WHAT THE TASK ASKS:
With the pictures excluded, output only the lines from the one containing "Chrysler Building at Sunset" through the last line of the entries, unchanged.

(RAW DATA begins)

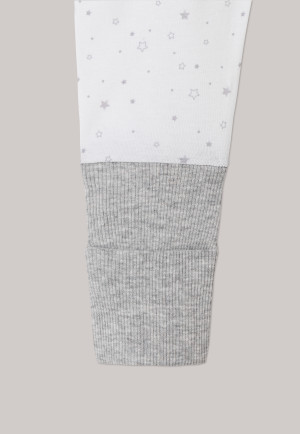 Ensemble bébé 3 pièces Coton côtelé bio Body Pantalon Vario Doudou blanc/gris clair - Original Classics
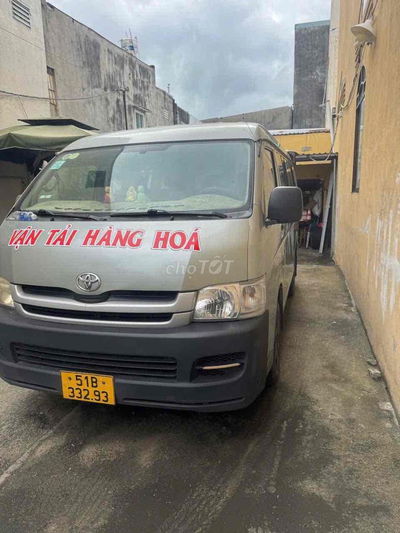 toyota hiace tải van sàn inox chính chủ 2008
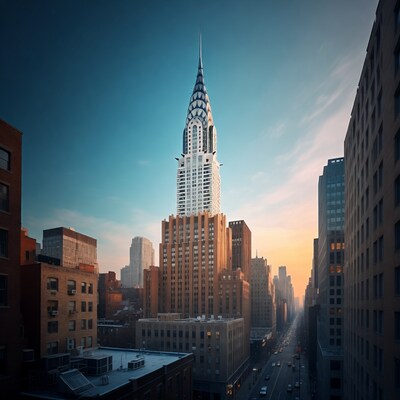 Chrysler Building at Sunset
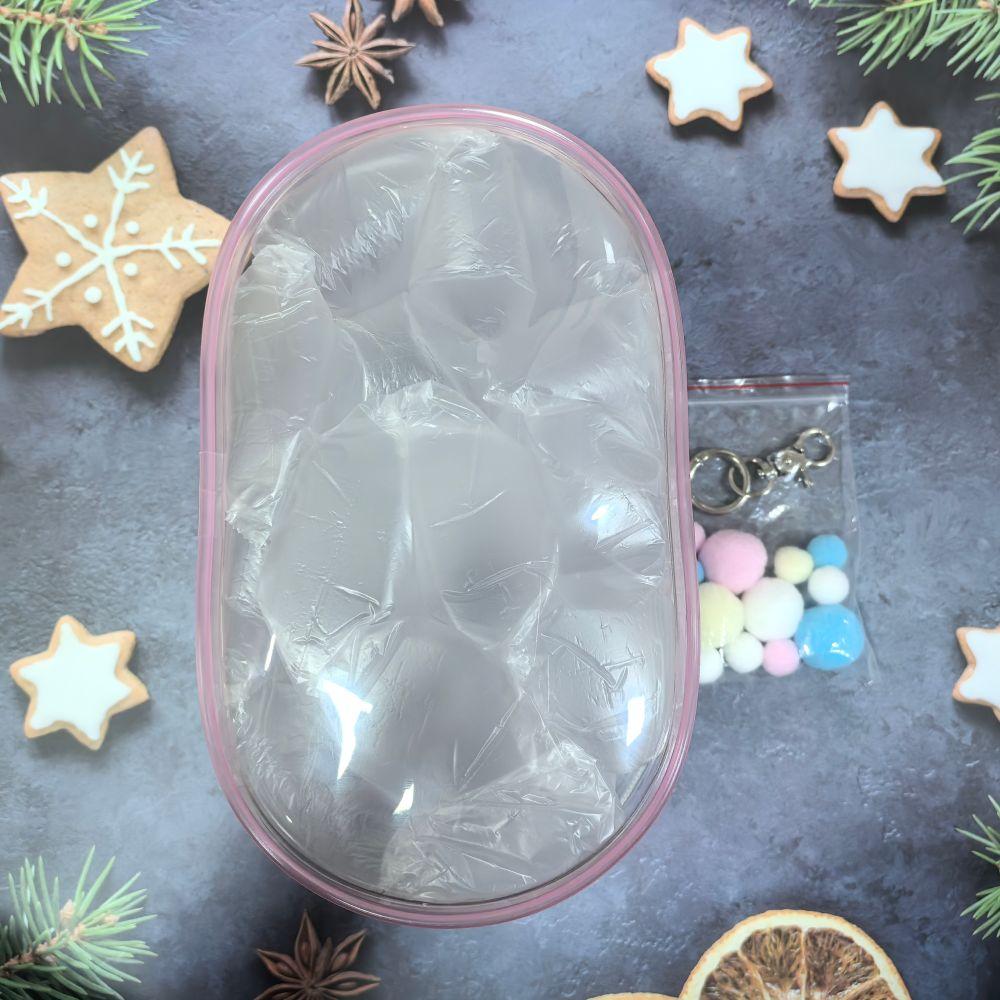 Dustproof 20cm Doll Takeaway Bag PVC Cotton Doll Transparent Bag  Doll Accessories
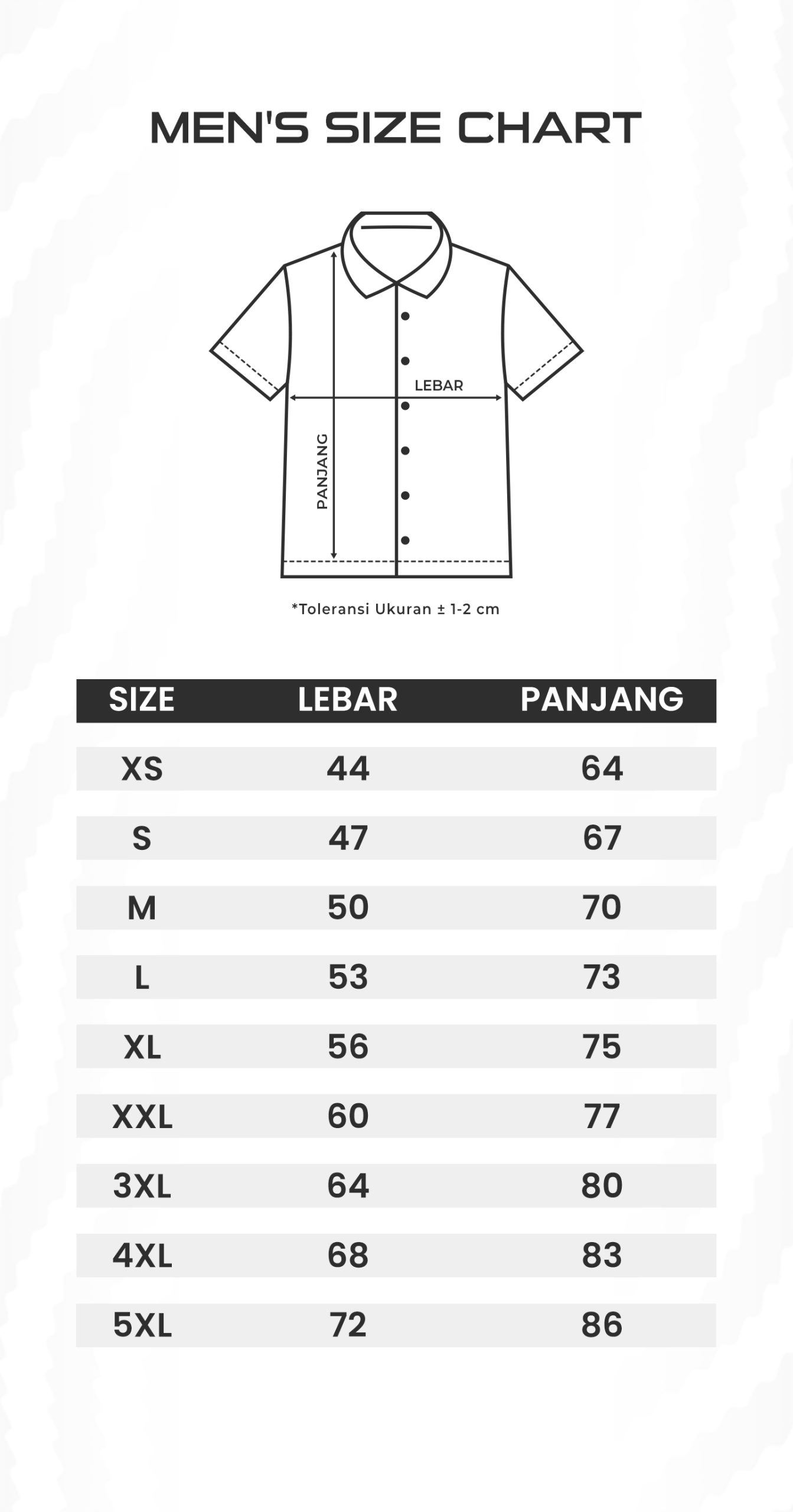 Men's Size Chart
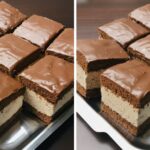 Cappucinós tiramisu kocka, nagyon finom és elképesztően krémes süti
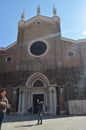 Main Facade Of The Basilica Of San Giovanni And Paolo In Campo Santi Giovanni And Paolo In Venice. Travel, holidays, architecture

(RAW DATA ends)

ANSWER TO THE EXERCISE:
 Chrysler Building at Sunset
 Dustproof 20cm Doll Takeaway Bag PVC Cotton Doll Transparent Bag  Doll Accessories
 Men's Size Chart
 Cappucinós tiramisu kocka, nagyon finom és elképesztően krémes süti
 Main Facade Of The Basilica Of San Giovanni And Paolo In Campo Santi Giovanni And Paolo In Venice. Travel, holidays, architecture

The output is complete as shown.